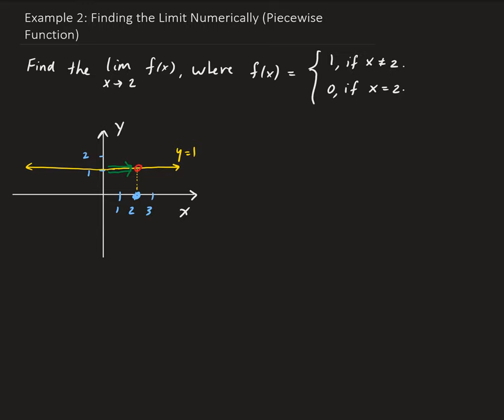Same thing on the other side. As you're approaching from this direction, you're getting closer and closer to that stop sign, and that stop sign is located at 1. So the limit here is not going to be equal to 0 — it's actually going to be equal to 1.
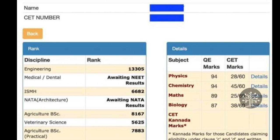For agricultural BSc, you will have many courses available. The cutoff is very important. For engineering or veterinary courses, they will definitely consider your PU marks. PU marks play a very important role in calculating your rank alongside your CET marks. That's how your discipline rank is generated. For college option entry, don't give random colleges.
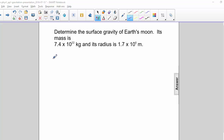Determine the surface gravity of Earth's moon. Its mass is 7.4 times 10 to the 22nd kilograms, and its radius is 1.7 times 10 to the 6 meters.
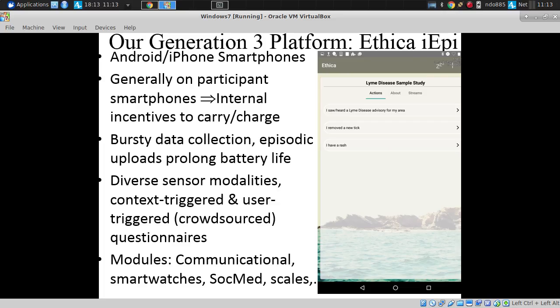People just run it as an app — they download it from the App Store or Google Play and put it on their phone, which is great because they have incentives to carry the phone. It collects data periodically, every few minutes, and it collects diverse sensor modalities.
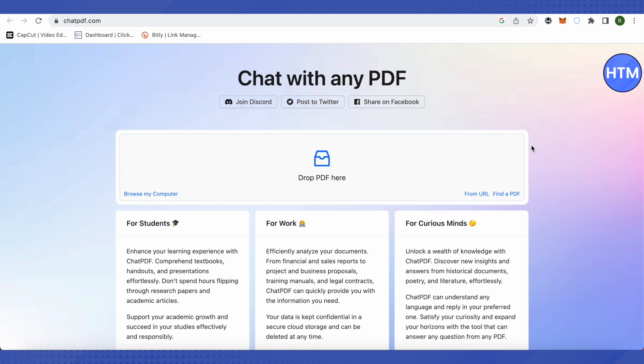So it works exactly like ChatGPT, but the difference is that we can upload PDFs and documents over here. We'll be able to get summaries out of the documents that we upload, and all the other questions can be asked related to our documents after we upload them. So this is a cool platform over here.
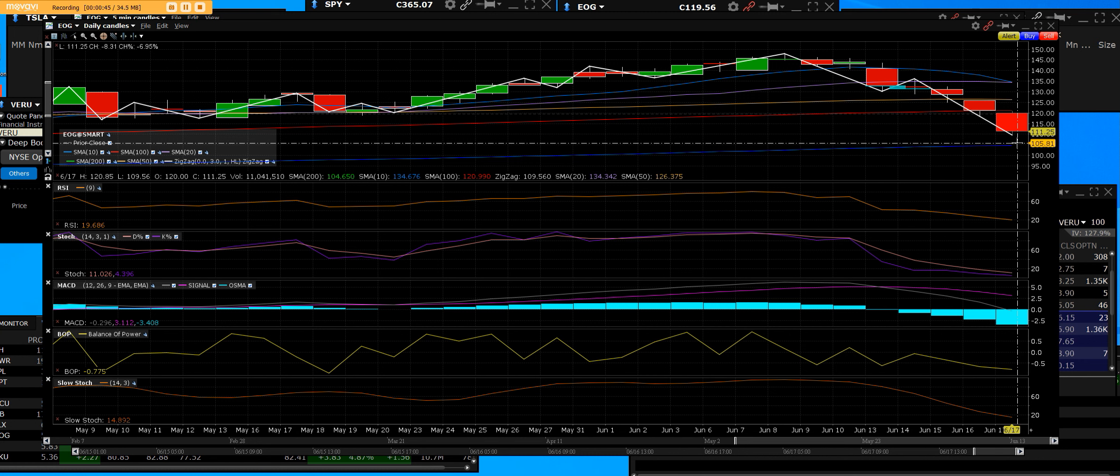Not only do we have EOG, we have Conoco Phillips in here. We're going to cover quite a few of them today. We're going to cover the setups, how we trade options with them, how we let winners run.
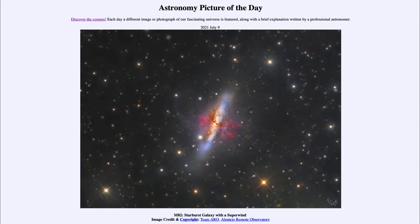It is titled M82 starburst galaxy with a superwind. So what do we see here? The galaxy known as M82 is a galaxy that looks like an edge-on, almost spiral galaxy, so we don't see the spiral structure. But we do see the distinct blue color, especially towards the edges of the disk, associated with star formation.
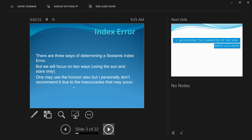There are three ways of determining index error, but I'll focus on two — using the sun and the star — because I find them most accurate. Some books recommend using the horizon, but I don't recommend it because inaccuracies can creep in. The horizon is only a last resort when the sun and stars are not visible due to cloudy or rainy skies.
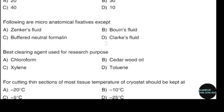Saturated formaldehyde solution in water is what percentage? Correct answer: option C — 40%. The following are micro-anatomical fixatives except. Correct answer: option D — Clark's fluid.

--

» EXERCISE INSTRUCTIONS
No pictures belong in the copy. Repeat the listing above exactly.

» OUTPUT
Same thing on the other side. As you're approaching from this direction, you're getting closer and closer to that stop sign, and that stop sign is located at 1. So the limit here is not going to be equal to 0 — it's actually going to be equal to 1.
For agricultural BSc, you will have many courses available. The cutoff is very important. For engineering or veterinary courses, they will definitely consider your PU marks. PU marks play a very important role in calculating your rank alongside your CET marks. That's how your discipline rank is generated. For college option entry, don't give random colleges.
Determine the surface gravity of Earth's moon. Its mass is 7.4 times 10 to the 22nd kilograms, and its radius is 1.7 times 10 to the 6 meters.
People just run it as an app — they download it from the App Store or Google Play and put it on their phone, which is great because they have incentives to carry the phone. It collects data periodically, every few minutes, and it collects diverse sensor modalities.
So it works exactly like ChatGPT, but the difference is that we can upload PDFs and documents over here. We'll be able to get summaries out of the documents that we upload, and all the other questions can be asked related to our documents after we upload them. So this is a cool platform over here.
Not only do we have EOG, we have Conoco Phillips in here. We're going to cover quite a few of them today. We're going to cover the setups, how we trade options with them, how we let winners run.
It is titled M82 starburst galaxy with a superwind. So what do we see here? The galaxy known as M82 is a galaxy that looks like an edge-on, almost spiral galaxy, so we don't see the spiral structure. But we do see the distinct blue color, especially towards the edges of the disk, associated with star formation.
There are three ways of determining index error, but I'll focus on two — using the sun and the star — because I find them most accurate. Some books recommend using the horizon, but I don't recommend it because inaccuracies can creep in. The horizon is only a last resort when the sun and stars are not visible due to cloudy or rainy skies.
Saturated formaldehyde solution in water is what percentage? Correct answer: option C — 40%. The following are micro-anatomical fixatives except. Correct answer: option D — Clark's fluid.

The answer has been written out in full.